This approach leverages language-native support for arbitrary precision (Python, JavaScript BigInt) or fixed-width integers with overflow-safe addition.
⏱ Time O(max(n, m)) Conversion + addition 💾 Space O(max(n, m)) Result string storage
Step-by-step Example
Section titled “Step-by-step Example”Input: a = "11", b = "1"

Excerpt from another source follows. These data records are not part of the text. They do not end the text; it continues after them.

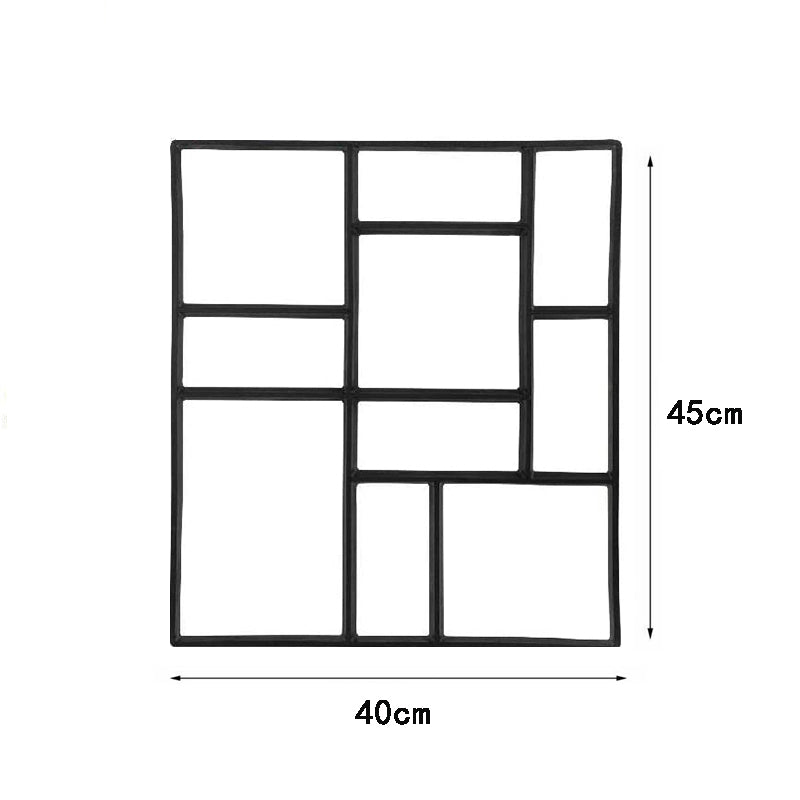 Garden Path Design Mould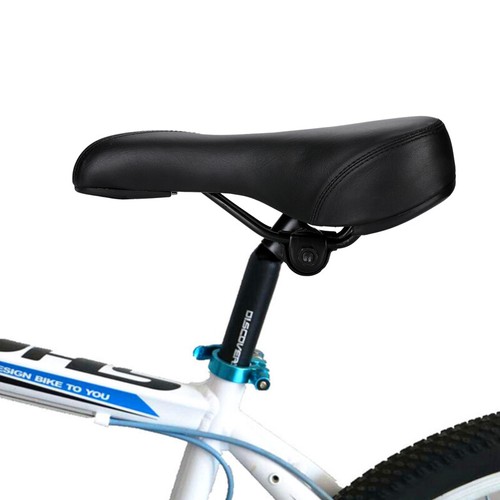 Confort Large Big Bum GEL souple cruiser vélo selle vélo siège coussin d/'air PAD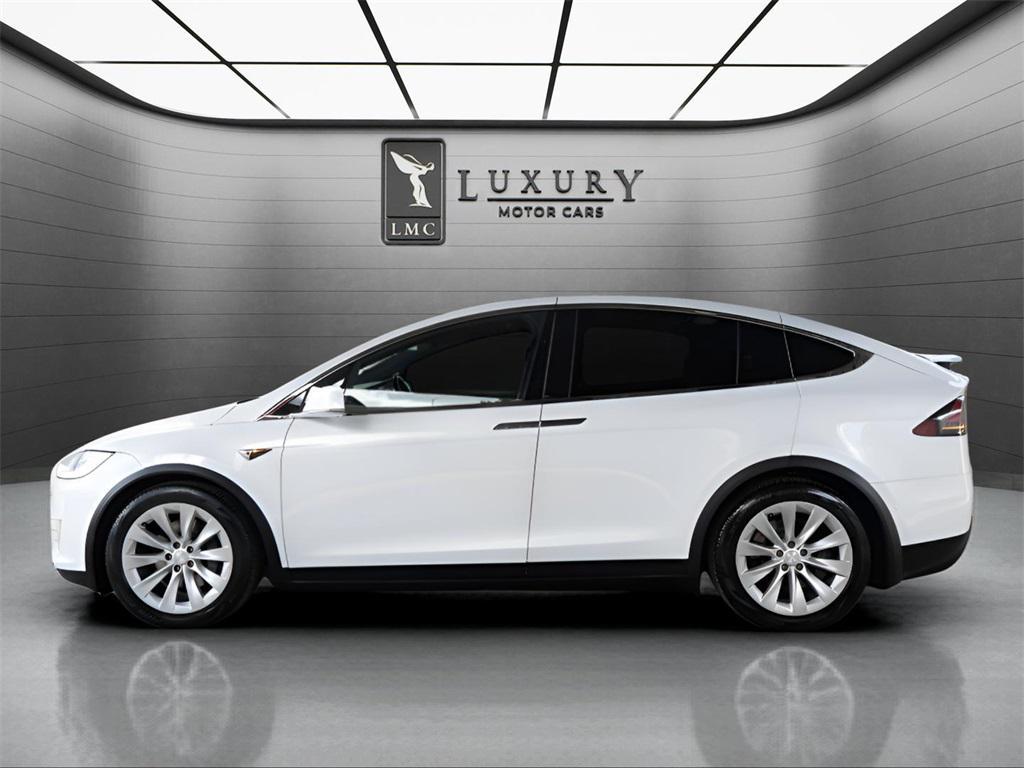 used 2018 Tesla Model X car, priced at $22,621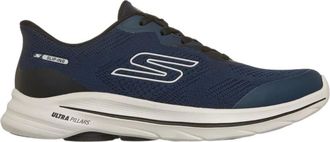 Skechers Hombre, Zapatos, Azul, Talla: 42 EU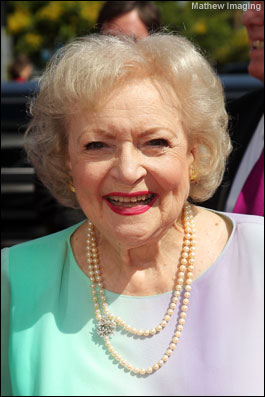 Betty White arrives at the 62nd Annual Primetime Emmy Awards held at the Nokia Theatre L.A. Live on August 29, 2010 in Los Angeles, California.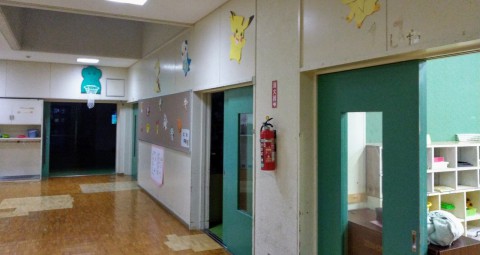 12月は幕別町白人小学校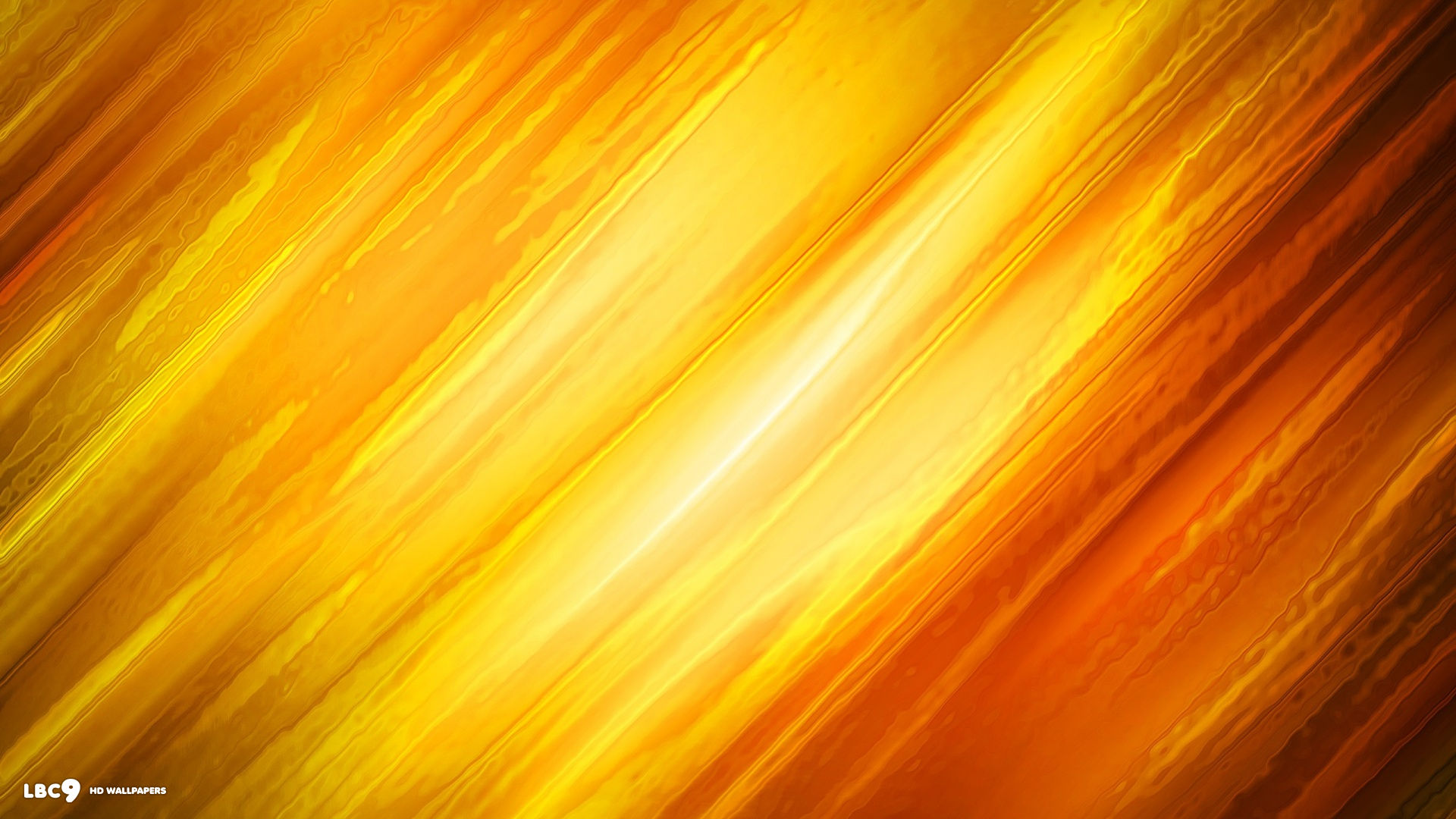 abstract yellow and orange background 1920x1080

Step 1: int('11', 2) = 3Step 2: int('1', 2) = 1Step 3: 3 + 1 = 4Step 4: bin(4) = '0b100'Result: '100' (strip '0b' prefix)Pseudocode
Section titled “Pseudocode”function addBinaryBitOperations(a, b): numA = parseInt(a, 2) numB = parseInt(b, 2) total = numA + numB return bin(total).replace('0b', '')Solution Code
Section titled “Solution Code”def add_binary_bit_operations(a: str, b: str) -> str: """ Bit operations approach - convert to int, add, convert back to binary. Time: O(max(len(a), len(b))) Space: O(max(len(a), len(b))) for result """ num_a = int(a, 2) # Convert binary string to integer num_b = int(b, 2) total = num_a + num_b return bin(total)[2:] # Convert back to binary string (remove '0b' prefix)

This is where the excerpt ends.